Wednesday, August 3, 2011
You may well be familiar with the distinctive sight of The Eden Project, where a disused clay mine near St Austell plays host to two large biomes and acres of manicured gardens. Certainly not something you see everyday!
But it is not until you visit the sight itself and experience its many facets that you really get a sense of what this place is all about.
As the brain-child of Tim Smit, creator of the Lost Gardens of Heligan, The Eden Project is driven by the aim to both entertain and educate – a balance it strikes quite brilliantly.
Visitors (of which there have been more than 8 million since the doors opened in March 2001) are encouraged to learn about our relationship with nature. In order to do so, you are left free to wander through the two huge biomes, which together contain more than a million plants.

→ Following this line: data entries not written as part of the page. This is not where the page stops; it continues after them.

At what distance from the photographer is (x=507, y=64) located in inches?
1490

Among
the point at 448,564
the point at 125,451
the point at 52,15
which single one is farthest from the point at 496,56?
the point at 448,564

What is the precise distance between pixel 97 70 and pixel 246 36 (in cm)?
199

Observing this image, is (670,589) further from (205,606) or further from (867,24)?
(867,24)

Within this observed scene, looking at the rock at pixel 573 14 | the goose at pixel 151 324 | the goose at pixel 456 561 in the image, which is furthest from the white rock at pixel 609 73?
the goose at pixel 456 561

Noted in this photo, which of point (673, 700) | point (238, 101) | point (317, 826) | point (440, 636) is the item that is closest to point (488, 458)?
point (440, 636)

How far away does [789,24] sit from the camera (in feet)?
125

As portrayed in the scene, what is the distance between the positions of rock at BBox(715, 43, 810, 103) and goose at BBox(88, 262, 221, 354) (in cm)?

For many, the Rainforest Biome is a particular highlight. Housing the largest jungle in captivity, it features masses of tropical plants, a waterfall and a new canopy lookout – a raised platform that takes you above the treetops. Some may even witness the rainforest balloon, a helium filled balloon which carries gardeners up to the higher reaches of the rainforest. Quite a novel way to do a spot of pruning!
The Mediterranean Biome is, however, no less fascinating. Offering a taste of the world’s temperate regions, it is a delight on all the senses. Take in the sights of the Bacchanalian sculptures, breathe in the natural scents in the perfume vats and discover the benefits of the sprouting Aloe Vera plants.
And the fun doesn’t stop there! The Core is an education centre with interactive displays, teaching you about everything from evolution to eco-systems. By night, this space transforms into an arts and music venue, hosting a variety of acts throughout the year.
What’s more, there’s local produce to taste, artwork to marvel at, gorgeous garden displays to walk through, and even a free land train run on bio-fuel to ride on. Really, it is no wonder The Eden Project is the third most visited attraction in the UK.
But with so much to do, you may worry that you won’t fit it all in to one day. However, this need not be a problem, as instead of paying the daily admission price, simply make a donation to the Eden Trust (which is the same amount as a ticket). This gives you an annual pass, meaning you can enjoy all The Eden Project has to offer for an entire year. Well worth it, I think you will agree!